Effects of an OSI on BP were only observed for diastolic BP, in the case of OSI + DR vs. DR alone. This change (i.e., WMD: − 1.15 mm Hg, 95% CI (− 2.03; − 0.28)) was inconsistent in other types of interventions and not found in case of systolic BP. A similar inconsistency was observed for glucose homeostasis markers, where significant differences were observed for HbA1c only in RCTs comparing OSI + DR versus DR alone and for glucose for RCTs comparing OSIs vs. no OSIs.

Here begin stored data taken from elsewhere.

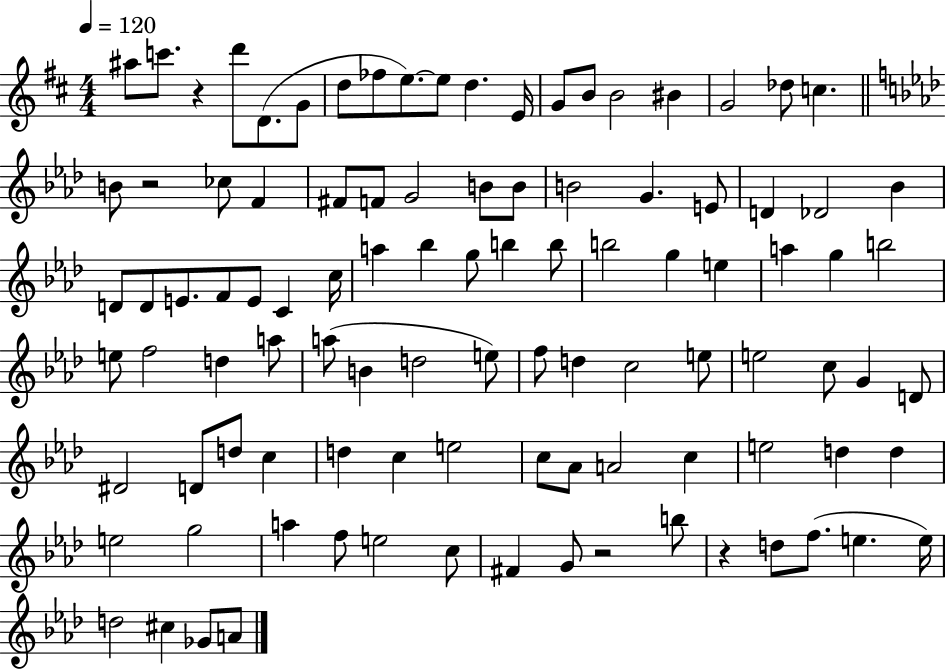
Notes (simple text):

A#5/e C6/e. R/q D6/e D4/e. G4/e D5/e FES5/e E5/e. E5/e D5/q. E4/s G4/e B4/e B4/h BIS4/q G4/h Db5/e C5/q. B4/e R/h CES5/e F4/q F#4/e F4/e G4/h B4/e B4/e B4/h G4/q. E4/e D4/q Db4/h Bb4/q D4/e D4/e E4/e. F4/e E4/e C4/q C5/s A5/q Bb5/q G5/e B5/q B5/e B5/h G5/q E5/q A5/q G5/q B5/h E5/e F5/h D5/q A5/e A5/e B4/q D5/h E5/e F5/e D5/q C5/h E5/e E5/h C5/e G4/q D4/e D#4/h D4/e D5/e C5/q D5/q C5/q E5/h C5/e Ab4/e A4/h C5/q E5/h D5/q D5/q E5/h G5/h A5/q F5/e E5/h C5/e F#4/q G4/e R/h B5/e R/q D5/e F5/e. E5/q. E5/s D5/h C#5/q Gb4/e A4/e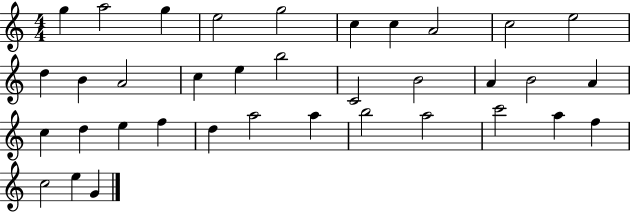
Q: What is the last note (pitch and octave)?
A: G4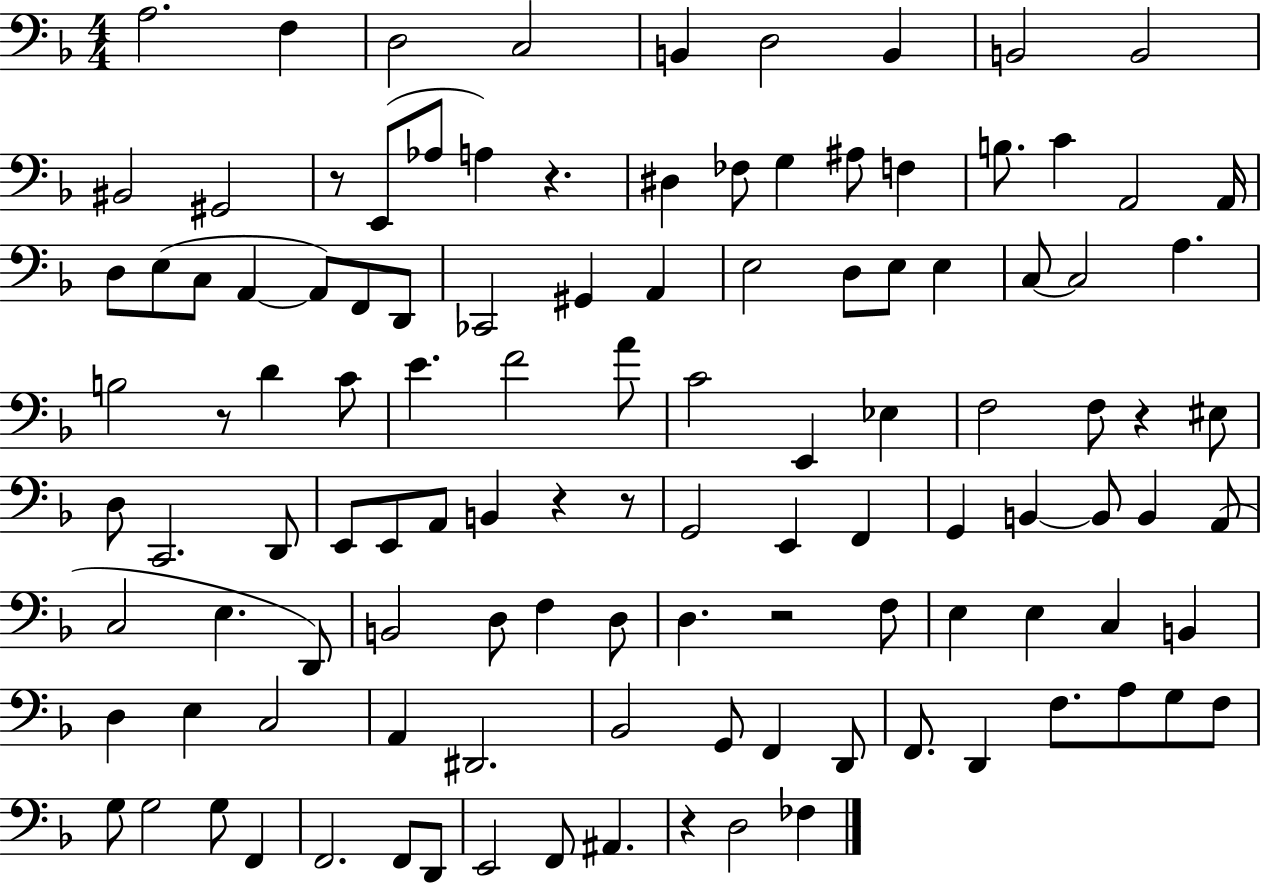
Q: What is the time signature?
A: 4/4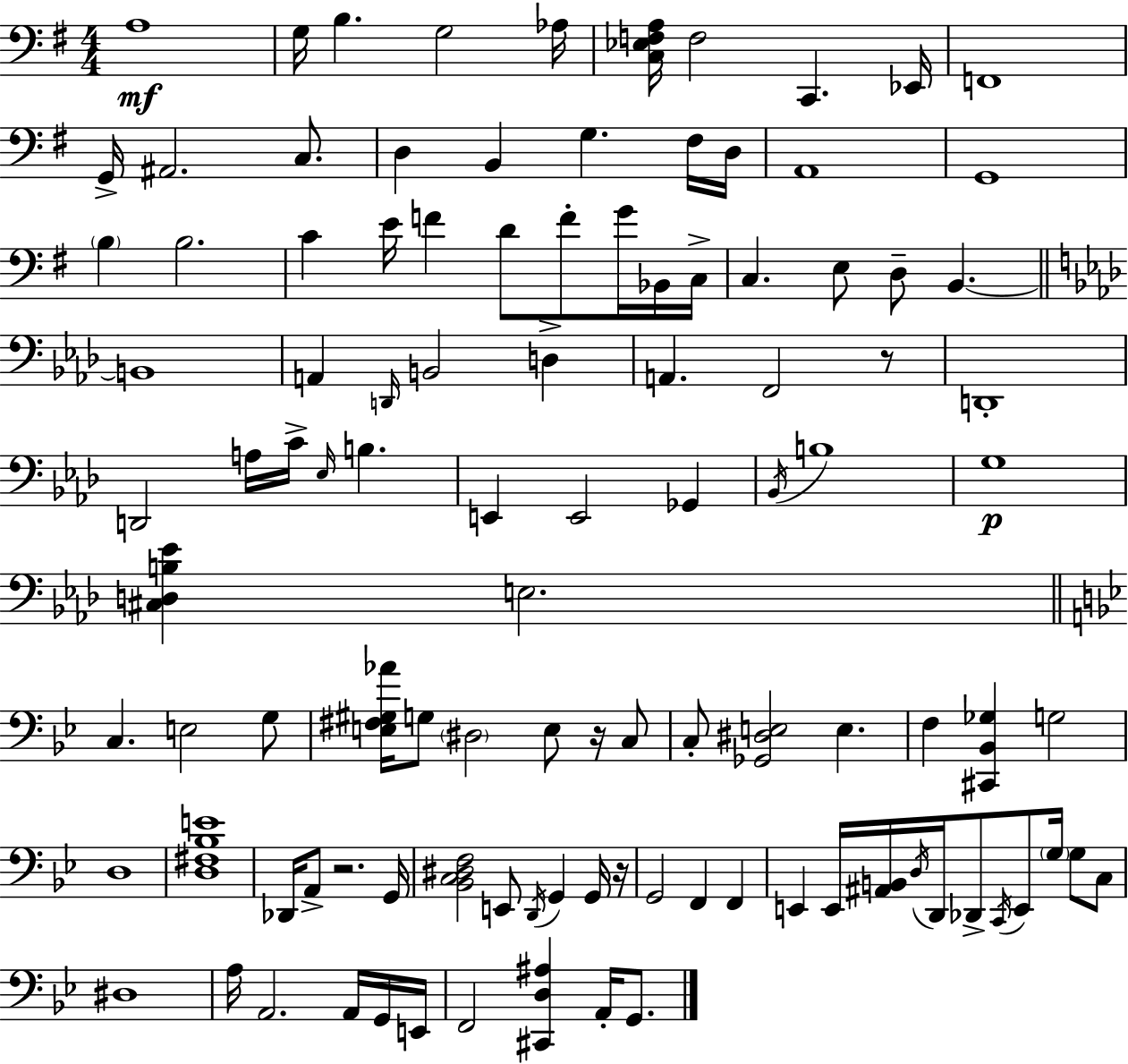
A3/w G3/s B3/q. G3/h Ab3/s [C3,Eb3,F3,A3]/s F3/h C2/q. Eb2/s F2/w G2/s A#2/h. C3/e. D3/q B2/q G3/q. F#3/s D3/s A2/w G2/w B3/q B3/h. C4/q E4/s F4/q D4/e F4/e G4/s Bb2/s C3/s C3/q. E3/e D3/e B2/q. B2/w A2/q D2/s B2/h D3/q A2/q. F2/h R/e D2/w D2/h A3/s C4/s Eb3/s B3/q. E2/q E2/h Gb2/q Bb2/s B3/w G3/w [C#3,D3,B3,Eb4]/q E3/h. C3/q. E3/h G3/e [E3,F#3,G#3,Ab4]/s G3/e D#3/h E3/e R/s C3/e C3/e [Gb2,D#3,E3]/h E3/q. F3/q [C#2,Bb2,Gb3]/q G3/h D3/w [D3,F#3,Bb3,E4]/w Db2/s A2/e R/h. G2/s [Bb2,C3,D#3,F3]/h E2/e D2/s G2/q G2/s R/s G2/h F2/q F2/q E2/q E2/s [A#2,B2]/s D3/s D2/s Db2/e C2/s E2/e G3/s G3/e C3/e D#3/w A3/s A2/h. A2/s G2/s E2/s F2/h [C#2,D3,A#3]/q A2/s G2/e.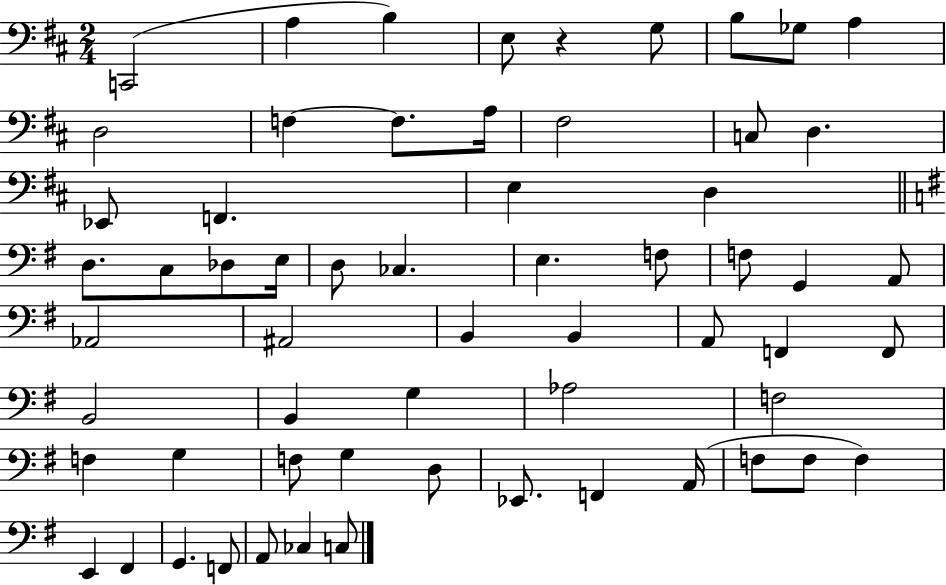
{
  \clef bass
  \numericTimeSignature
  \time 2/4
  \key d \major
  c,2( | a4 b4) | e8 r4 g8 | b8 ges8 a4 | \break d2 | f4~~ f8. a16 | fis2 | c8 d4. | \break ees,8 f,4. | e4 d4 | \bar "||" \break \key g \major d8. c8 des8 e16 | d8 ces4. | e4. f8 | f8 g,4 a,8 | \break aes,2 | ais,2 | b,4 b,4 | a,8 f,4 f,8 | \break b,2 | b,4 g4 | aes2 | f2 | \break f4 g4 | f8 g4 d8 | ees,8. f,4 a,16( | f8 f8 f4) | \break e,4 fis,4 | g,4. f,8 | a,8 ces4 c8 | \bar "|."
}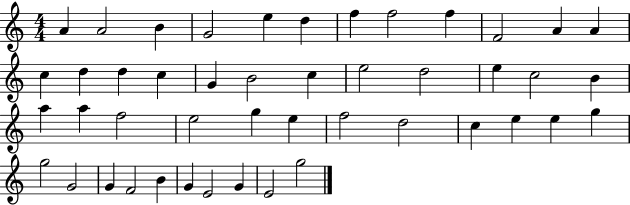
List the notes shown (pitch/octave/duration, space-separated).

A4/q A4/h B4/q G4/h E5/q D5/q F5/q F5/h F5/q F4/h A4/q A4/q C5/q D5/q D5/q C5/q G4/q B4/h C5/q E5/h D5/h E5/q C5/h B4/q A5/q A5/q F5/h E5/h G5/q E5/q F5/h D5/h C5/q E5/q E5/q G5/q G5/h G4/h G4/q F4/h B4/q G4/q E4/h G4/q E4/h G5/h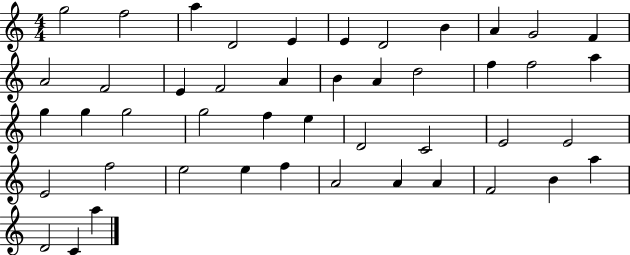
G5/h F5/h A5/q D4/h E4/q E4/q D4/h B4/q A4/q G4/h F4/q A4/h F4/h E4/q F4/h A4/q B4/q A4/q D5/h F5/q F5/h A5/q G5/q G5/q G5/h G5/h F5/q E5/q D4/h C4/h E4/h E4/h E4/h F5/h E5/h E5/q F5/q A4/h A4/q A4/q F4/h B4/q A5/q D4/h C4/q A5/q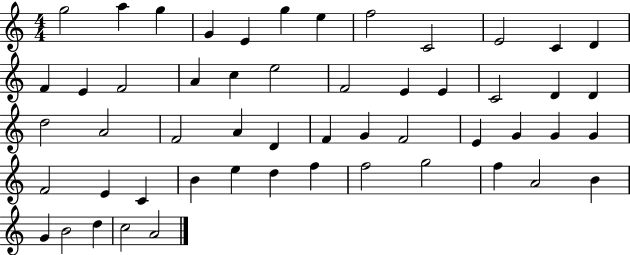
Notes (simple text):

G5/h A5/q G5/q G4/q E4/q G5/q E5/q F5/h C4/h E4/h C4/q D4/q F4/q E4/q F4/h A4/q C5/q E5/h F4/h E4/q E4/q C4/h D4/q D4/q D5/h A4/h F4/h A4/q D4/q F4/q G4/q F4/h E4/q G4/q G4/q G4/q F4/h E4/q C4/q B4/q E5/q D5/q F5/q F5/h G5/h F5/q A4/h B4/q G4/q B4/h D5/q C5/h A4/h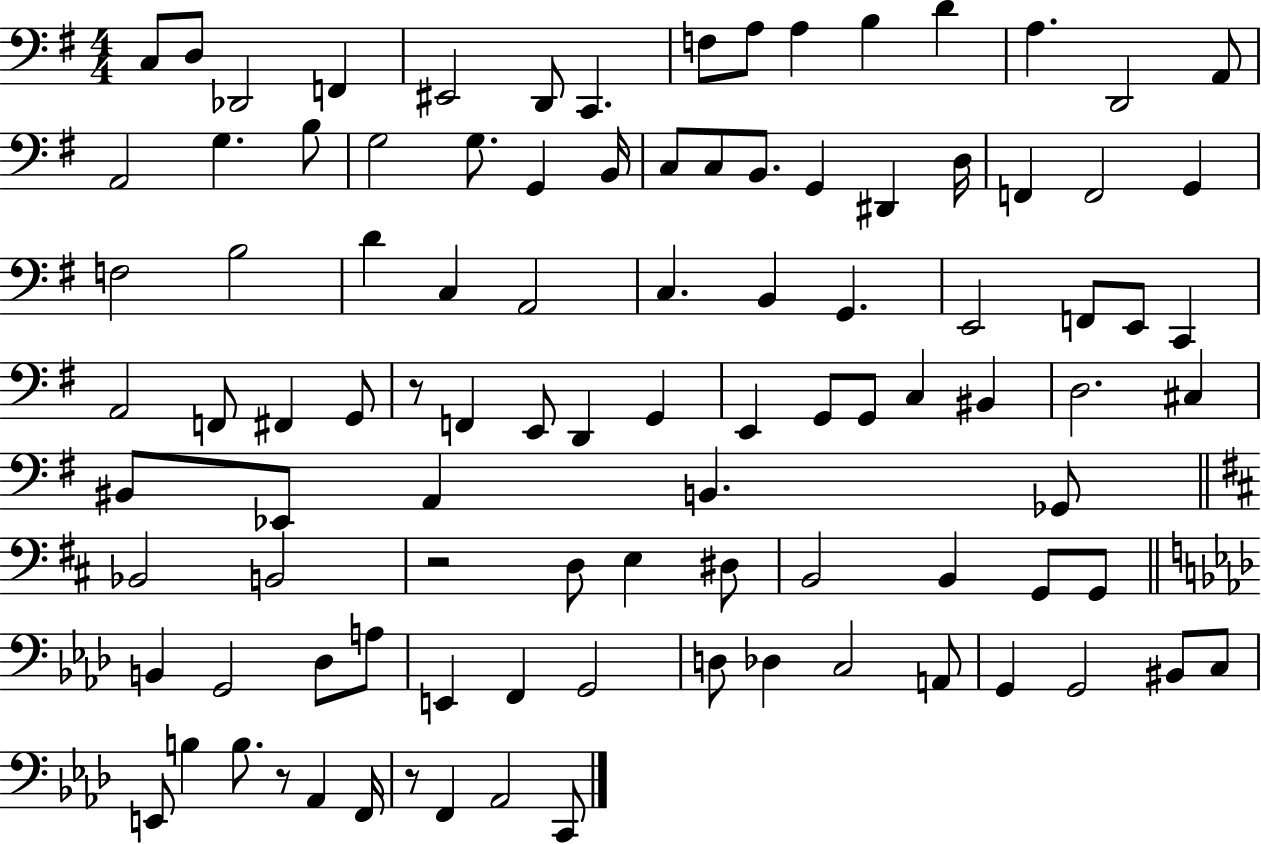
X:1
T:Untitled
M:4/4
L:1/4
K:G
C,/2 D,/2 _D,,2 F,, ^E,,2 D,,/2 C,, F,/2 A,/2 A, B, D A, D,,2 A,,/2 A,,2 G, B,/2 G,2 G,/2 G,, B,,/4 C,/2 C,/2 B,,/2 G,, ^D,, D,/4 F,, F,,2 G,, F,2 B,2 D C, A,,2 C, B,, G,, E,,2 F,,/2 E,,/2 C,, A,,2 F,,/2 ^F,, G,,/2 z/2 F,, E,,/2 D,, G,, E,, G,,/2 G,,/2 C, ^B,, D,2 ^C, ^B,,/2 _E,,/2 A,, B,, _G,,/2 _B,,2 B,,2 z2 D,/2 E, ^D,/2 B,,2 B,, G,,/2 G,,/2 B,, G,,2 _D,/2 A,/2 E,, F,, G,,2 D,/2 _D, C,2 A,,/2 G,, G,,2 ^B,,/2 C,/2 E,,/2 B, B,/2 z/2 _A,, F,,/4 z/2 F,, _A,,2 C,,/2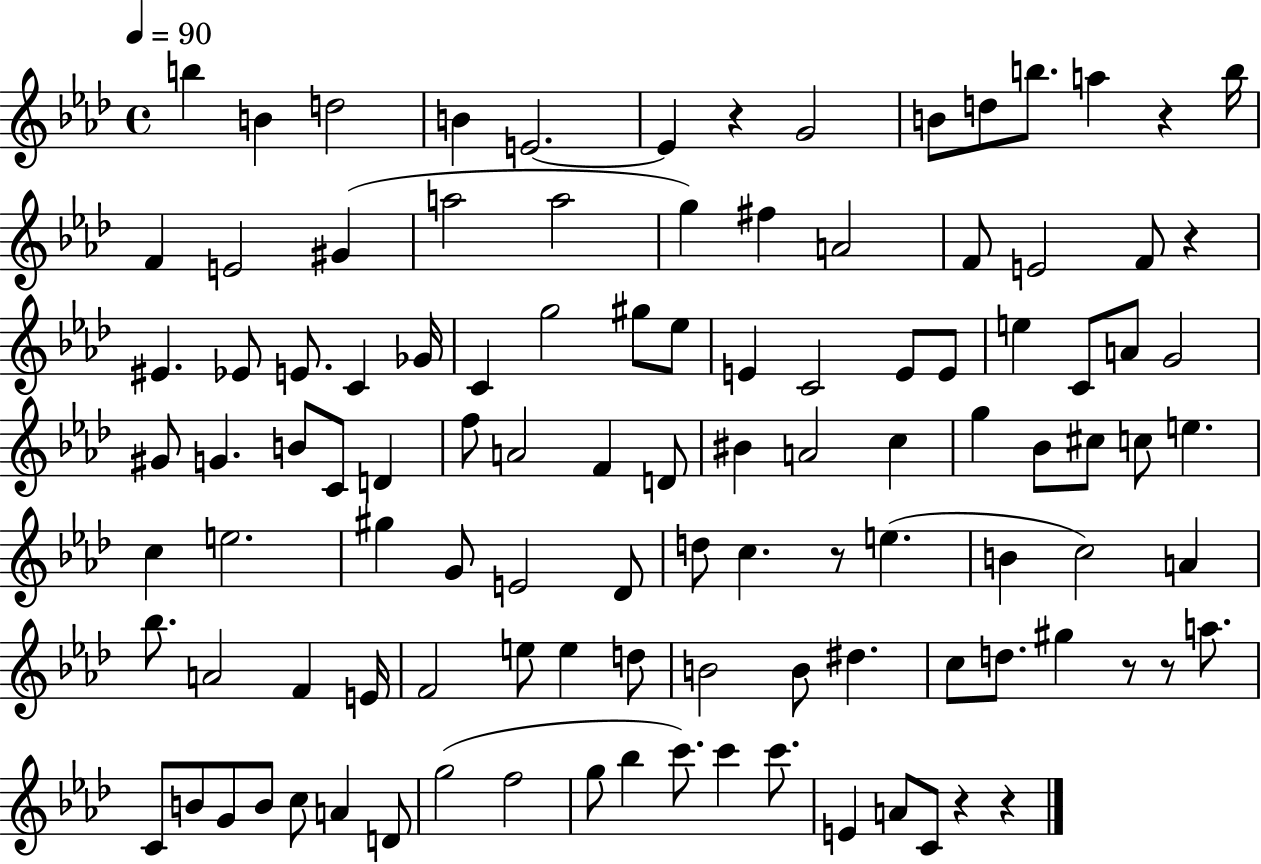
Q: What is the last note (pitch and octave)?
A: C4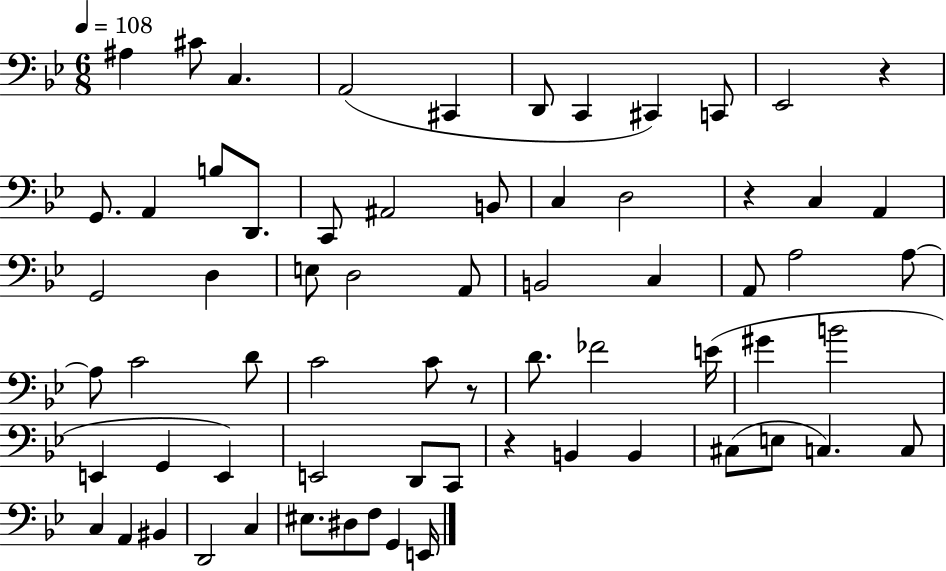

No significant differences were observed in any other intervention or in interventions comparing an OSI with heterogeneous controls, regarding any glucose homeostasis marker. A meta-analysis of RCTs evaluating the effects of oat products on glycaemic control among diabetic patients indicated that the effects of oats and oat beta-glucans on glycaemic control and insulin sensitivity are inconclusive [5]. In line with our work, a systematic review on oat intake and its association with CVD risk markers did not find convincing evidence of oat influence on insulin sensitivity and emphasized the importance of exploring additional CVD markers [4]. However, it has been proposed that the glycaemic benefits of oats are directly dependent on the structural integrity of the oat kernel, β-glucan’s dose, molecular weight and comparison [13, 53–55]. Even though our findings were based on a limited number of studies focused on OSIs and glucose homeostasis, they still suggest some benefits for the later and thus warrant the need for further more rigorous research.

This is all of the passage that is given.